Mega-ASR cuts real-world speech recognition error 30% via compound acoustic simulation
A new ASR framework trains on 2M synthetic compound-distortion samples, achieving 21.49% WER on NOIZEUS Sta-0 versus 29.34% for prior state-of-the-art.

Mega-ASR addresses what researchers call the "acoustic robustness bottleneck" — the tendency of speech recognition models to lose grounding and hallucinate under severe real-world distortion. The framework combines a 2-million-sample synthetic dataset called Voices-in-the-Wild-2M with a two-stage training regime: Acoustic-to-Semantic Progressive Supervised Fine-Tuning followed by Dual-Granularity WER-Gated Policy Optimization. The dataset covers seven classic acoustic phenomena and 54 physically plausible compound scenarios, simulating overlapping distortions like reverberation, noise, and codec artifacts that occur together in the wild.
Mega-ASR achieves 45.69% word error rate on the VOiCES R4-B-F benchmark versus 54.01% for the previous best system, and 21.49% WER on NOIZEUS Sta-0 versus 29.34%. On the authors' own compound-distortion test set, the framework delivers over 30% relative WER reduction against both open- and closed-source baselines, including Whisper-large-v3 and proprietary cloud ASR APIs. The paper frames the improvement as a shift from single-distortion training to compositional simulation at scale.
On benchmarks
The VOiCES R4-B-F subset represents far-field, reverberant speech in a large room. NOIZEUS Sta-0 is a standard noisy-speech corpus with station-noise recordings at 0 dB SNR. Prior models often omit words or insert phantom tokens when multiple distortions stack, a failure mode the progressive training schedule is designed to mitigate.

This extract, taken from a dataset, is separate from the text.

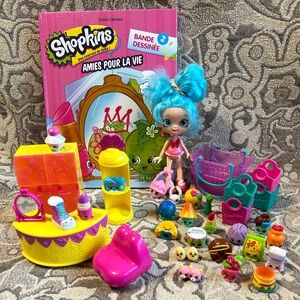 Lot of 24 Shopkins, Fashion Boutique Furniture, Shoppies Doll & Shopping Baskets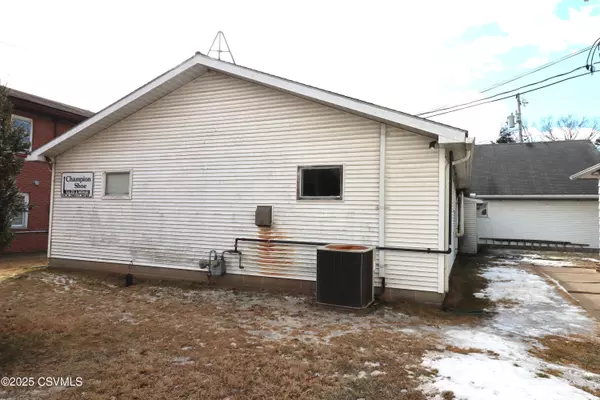 Lewisburg, PA 17837,119 N REAR 2ND ST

The 30% relative gain on compound scenarios demonstrates that training on physically plausible combinations of distortions—rather than isolated noise or reverb—improves robustness to real-world acoustic complexity.
The preprint does not specify whether weights will be released or under what license. The Voices-in-the-Wild-2M dataset construction pipeline is described in the paper but not yet publicly available. The work positions itself as a scalable paradigm for "ASR-in-the-wild," with the compound-data approach intended to generalize beyond the seven acoustic phenomena explicitly modeled.